Excerpts
from "The Heritage of Indian Tea" - D.K. Taknet
Innovation
and Modernization:
Innovation,
expansion and modernization are of course integral to corporate
success. This has meant ongoing research into production systems
and processing methods to enhance the quality of the products for
consumers. The managers of the tea estates strictly adhere to their
manual, literally treating it as their Bible. It contains detailed
instructions on matters relating to the field, factory, stories
accounts and other related topics to running the garden and factory
employing the best and most efficient means. The standing instructions
also cover policy statements for managers. The manual has been compiled
on the basis of the collective wisdom of planters accumulated over
more than a century. The group has switched from seeds to clonal
planting and has developed twelve new clones. It has developed proper
tracks, drainage and nurseries and adopted a policy of uprooting
tea bushes over 50 years old: this puts the estates of the group
far ahead of the competition. Overseas buyers are provided with
the facility of independently auditing the Williamson Magor tea
estates.
Managers have deployed modern agricultural practices,
using the latest scientific methodology and technology with a long-term
perspective. Williamson Magor can claim well-deserved credit for
introducing many path-breaking practices and constantly improving
processes in the tea industry. It has contributed many new techniques
in planting, cultivating and manufacturing, which have now been
adopted by the entire industry: one such example is the drier and
the dehumidification plant. The group has created and gifted to
the tea industry the withering system and fermenting units. Williamson
Magor's J.M. Trinick introduced the 'Trinick Sorter' and Probir
Das invented the 'Probir Weigher', which are now used by most of
the industry's tea estates.
The group has replaced cane baskets with nylon
bags for carrying leaf, developed enclosed withering troughs, Jumbo
CTCs, the Vibro Fluid Bed Drier and was among the first to use computers
to record the weight of leaf and in the field, electronic bird repellers;
it devised the Sinar moisture meter (a system for continuous sorting),
the miracle mill-dust collecting system and the Thermas OBT-75 burner.

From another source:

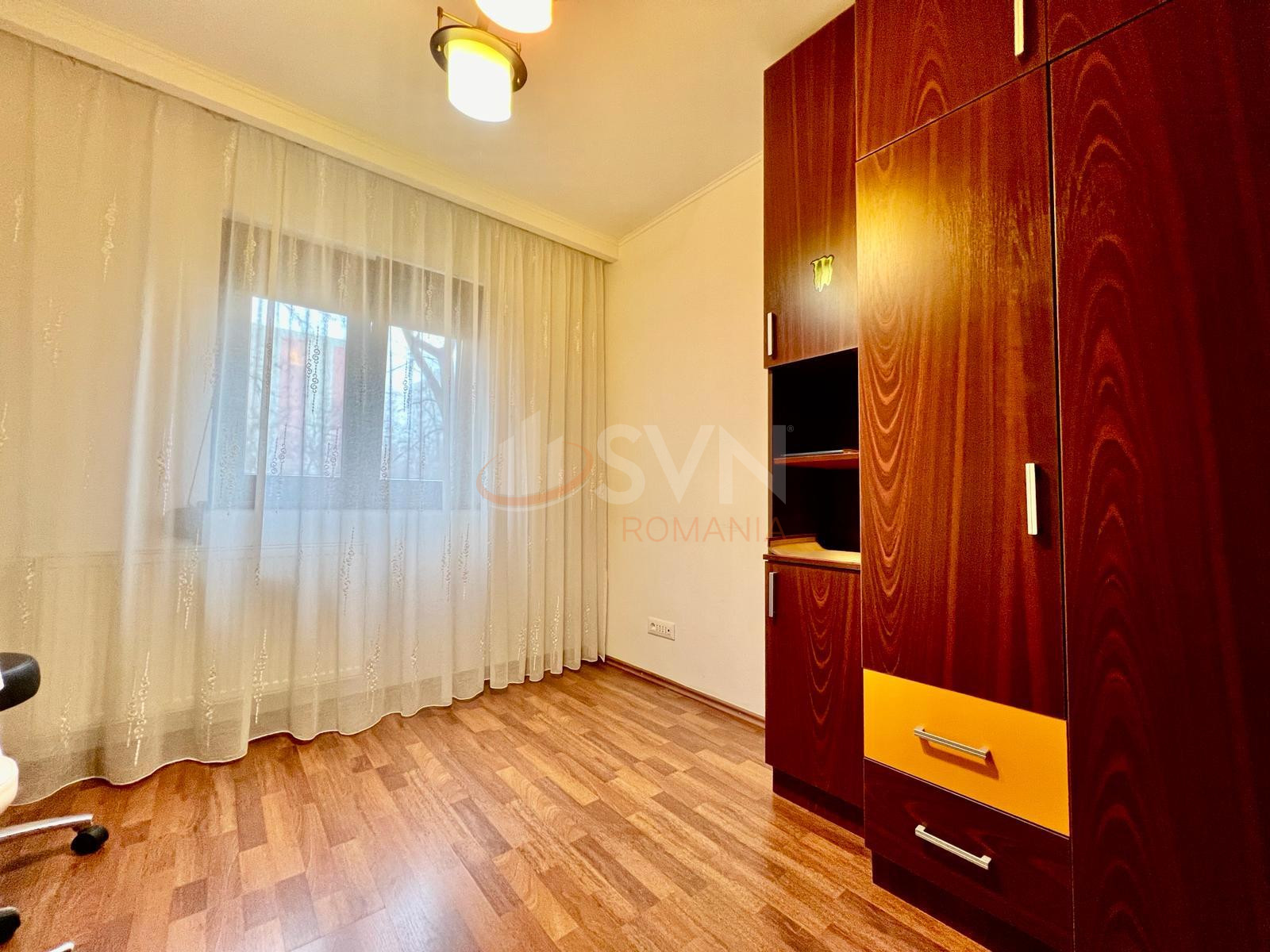 3 camere cu loc parcare exterior inclus Bucuresti/Titan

It has also developed a system for vacuum packing of bulk tea to
enable it to retain its freshness over a longer period. All these
developments in Williamson Magor have undoubtedly benefited the
tea industry as a whole in the form of demonstration effect.
Excellence
the Watchword:
The workforce takes immense pride in producing
the finest teas and consistent quality has been the group's watchword
for over a century. In its broadest sense, the term 'quality', in
tea, is used as a description of all the characteristics on the
basis of which a tea acquires its market value, namely, appearance
and cup character: in other words, liquoring qualities such as colour,
brightness, strength, briskness and aroma. The percentage of good
teas produced by the group is go high that they are considered a
benchmark for judging quality teas. To sustain such quality standards
year after year, great commitment and skill are necessary.
After all, as John Ruskin said, 'Quality is never
an accident. It is always the result of intelligent effort. There
must be the will to produce a superior thing.' The Bukhial, Hunwal,
Partabghur, Dekorai, Pabhoi, Tezpore, Gogra, Margharita and Namdang
tea estates of the group have been assessed as providing teas which
fall into the premier market segment and have been designated their
preferred tea suppliers by Premier Beverages Ltd, UK.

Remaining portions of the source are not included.